Data extracted from a collection:

◇ ◇ ◇ ◇ ◇

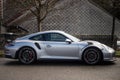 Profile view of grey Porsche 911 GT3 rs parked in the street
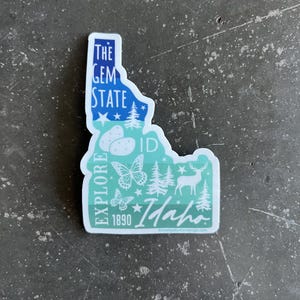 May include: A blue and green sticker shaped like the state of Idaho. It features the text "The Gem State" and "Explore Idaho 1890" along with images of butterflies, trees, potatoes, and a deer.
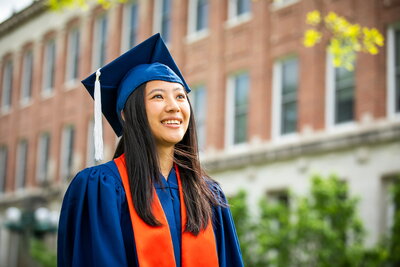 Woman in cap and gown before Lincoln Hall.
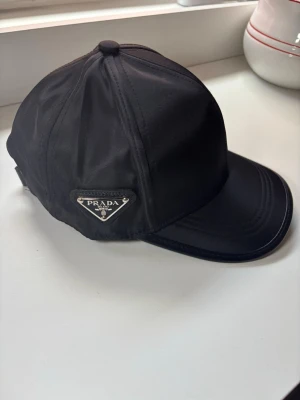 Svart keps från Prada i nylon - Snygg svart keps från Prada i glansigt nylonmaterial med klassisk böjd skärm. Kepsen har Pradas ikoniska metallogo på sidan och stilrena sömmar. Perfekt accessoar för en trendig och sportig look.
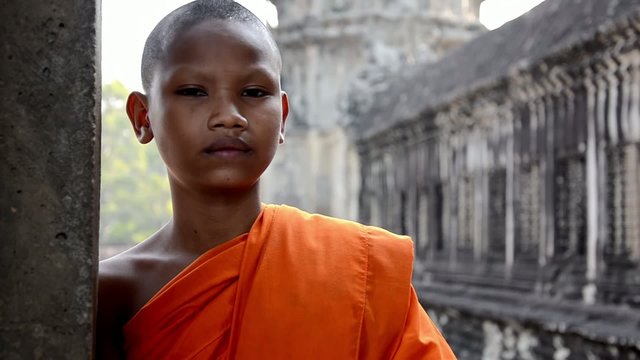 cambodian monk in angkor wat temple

◇ ◇ ◇ ◇ ◇

## [Task details]
All lines from the one holding "Svart keps från Prada i nylon" through the last line of the entries, and nothing else, are to be output exactly; leave out the pictures.

## [Task answer]
 Svart keps från Prada i nylon - Snygg svart keps från Prada i glansigt nylonmaterial med klassisk böjd skärm. Kepsen har Pradas ikoniska metallogo på sidan och stilrena sömmar. Perfekt accessoar för en trendig och sportig look.
 cambodian monk in angkor wat temple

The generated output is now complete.